But really, wait a minute. Let objectivity take the upper hand and look closely at the gear routes on the Sunshine Wall. I know, I know, we've all climbed them perhaps too many times truly to be the judge of their quality. Familiarity breeds boredom which leads to apathy. I've done Air Guitar on many a sunny winter day and didn't even recall afterwards.

But these are really extraordinarily good crack climbs, all arranged side by side. Relentlessly steep and pumpy. Calf burning stemming jobs. Interesting gear placements. Spectacular views. And they are warm and dry on most days when the rest of the Northwest is drenched in rain or the snow is piled high. Worthy of a page of speculations on this site, for sure.
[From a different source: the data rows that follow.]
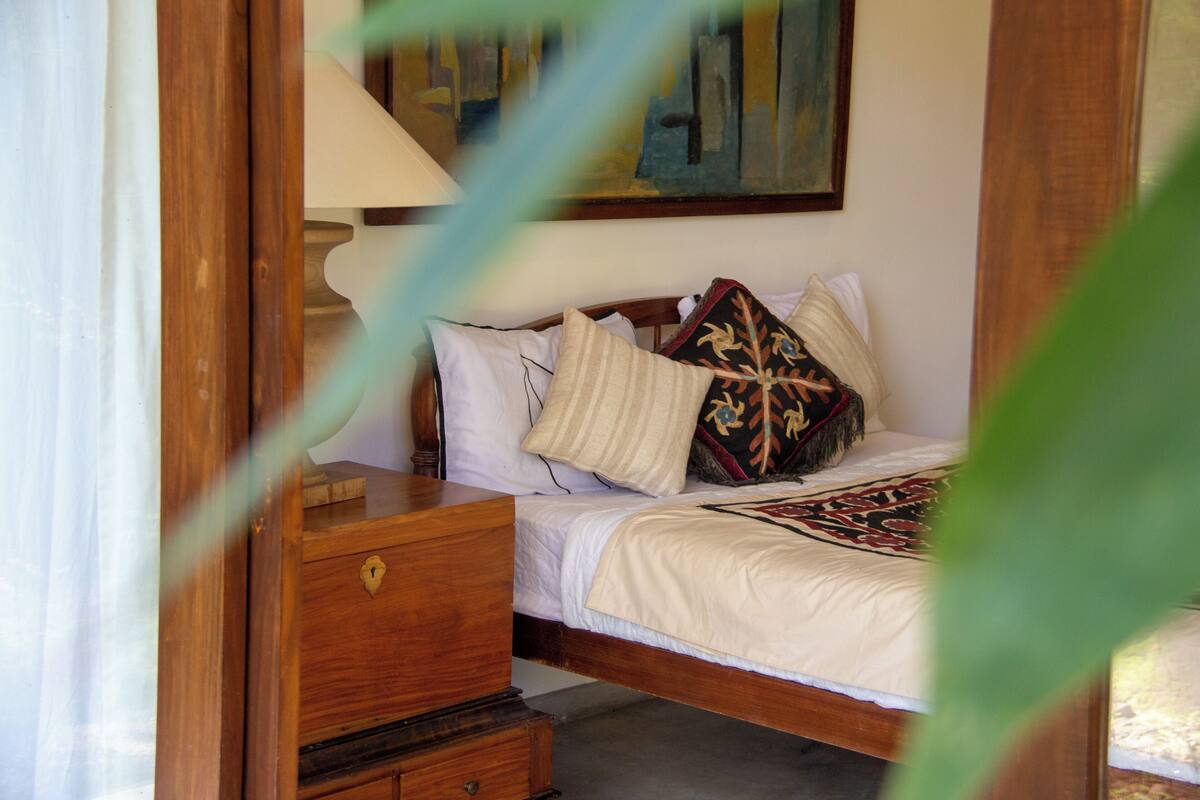 Ein hölzernes Bett mit weißer Matratze, ein Nachttisch aus Holz mit Schublade und ein Gemälde an der Wand.
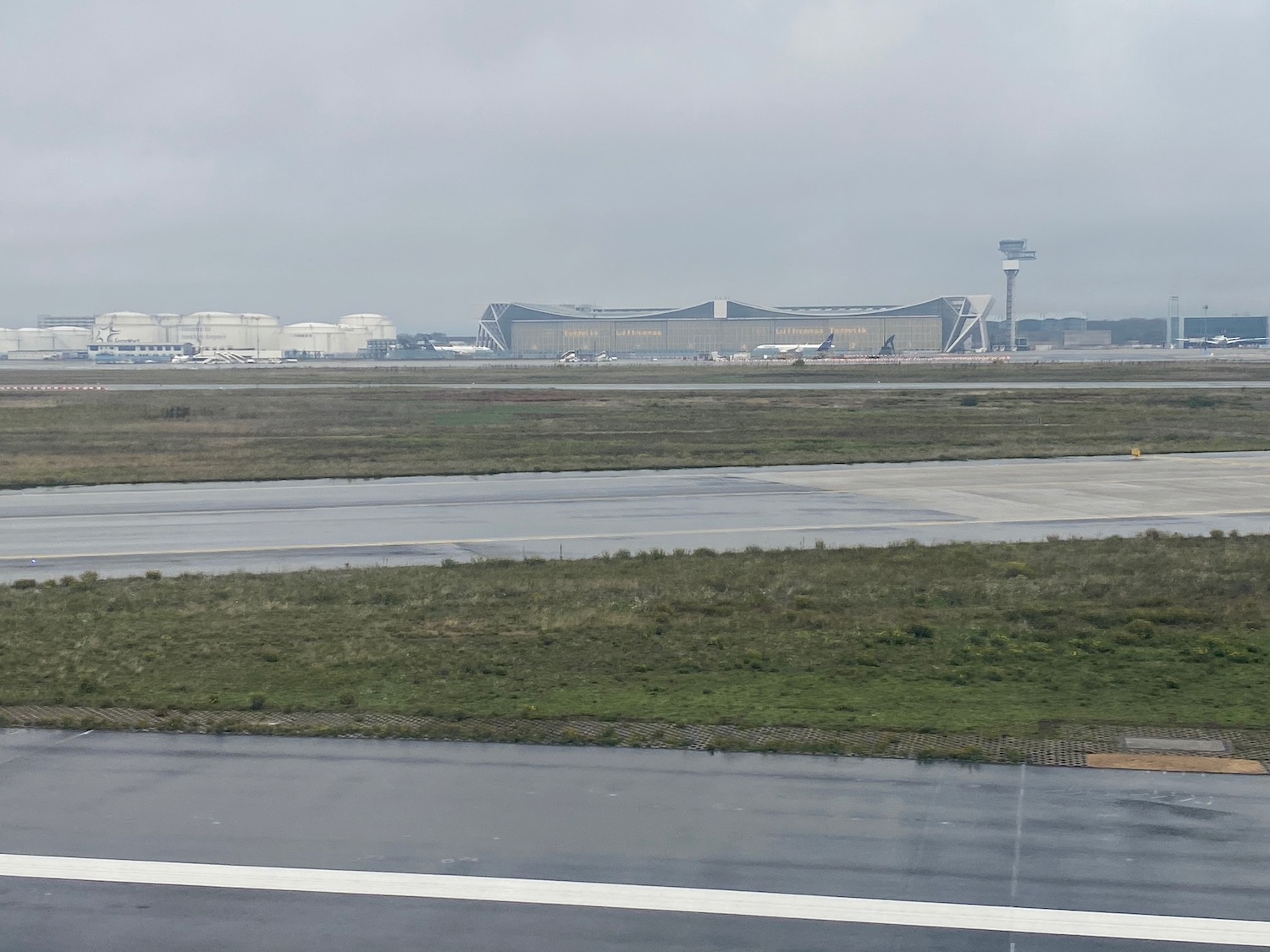 a runway with grass and buildings in the background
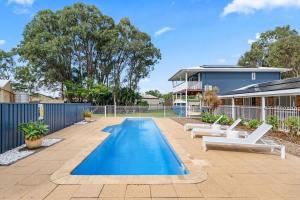 a swimming pool with lounge chairs and a house at Whitesands Family Beachhouse in Urangan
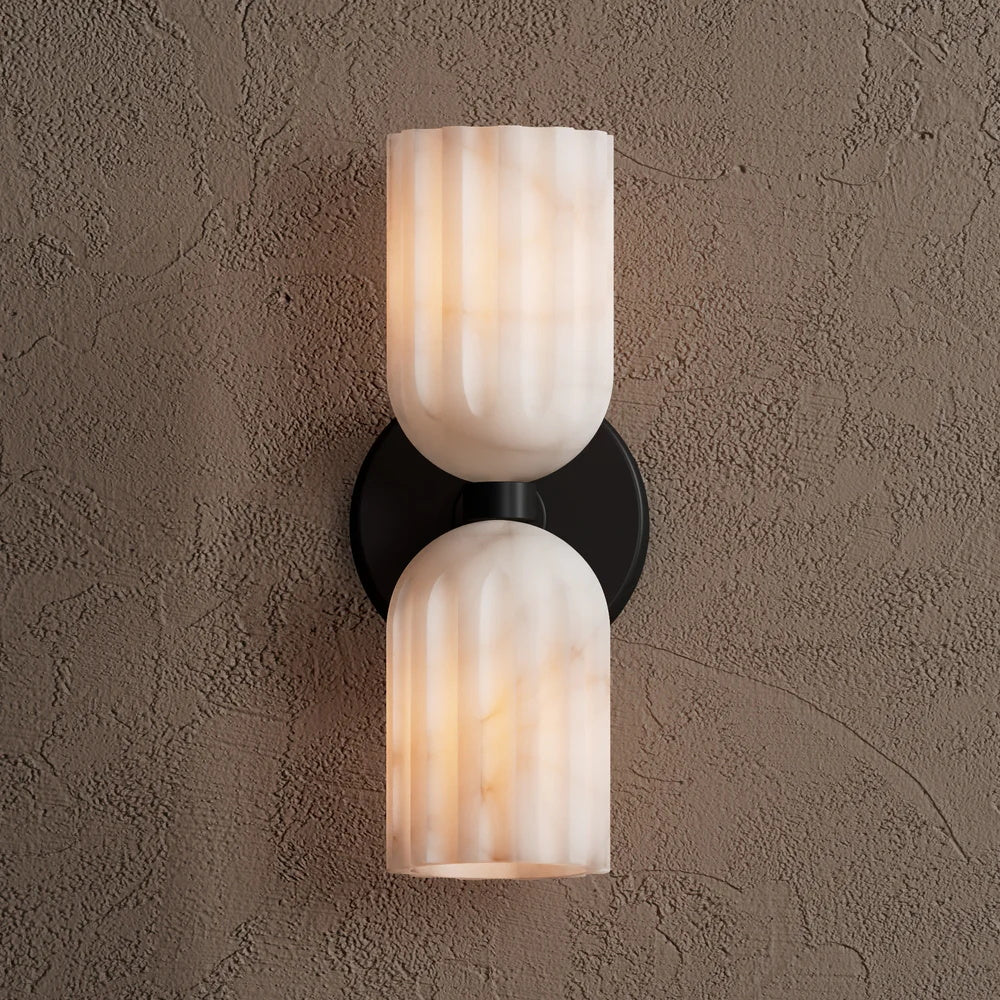 Black-finish sconce with veined alabaster shades casting warm light upward and downward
Presented here is a graded list of some of the more popular routes. The ratings are reflecting my personal experience leading these routes and differ a bit from the ones found in the Yoder book. They are based on years of climbing at this level all over the west. They also act as a commentary to the steady devaluation of the once respected middle grades.

The first step in producing such a list is to establish the signature 5.9 of the area and then compare the rest of the climbs to this route. But which one is that? Well, let's zoom out a little from Vantage and look at the whole state of Washington. Risking to falsely claim authority on the subject, I would like to declare the crux 4th pitch of Outer Space as the standard of the grade, never to be touched or edited.

The second step is to avoid absolutism. In other words, let the peculiarities and uniqueness of the area shine through. Vantage is soft when it comes to ratings. Let it remain a bit soft, because that's how we've come to like it out there in the desert. We go there mostly in the winter months when the form curve for some of us dips low, precisely when a little ego boost is a good motivational force. Yet some adjustment seems in order.

So I will call George and Martha the Vantage 5.9. Obviously a bit easier than the crux on Outer Space, yet the route contains some stiff, varied challenges, from steep jughauling to the OW enigma at the top. Besides, it is a super route. A perfect choice.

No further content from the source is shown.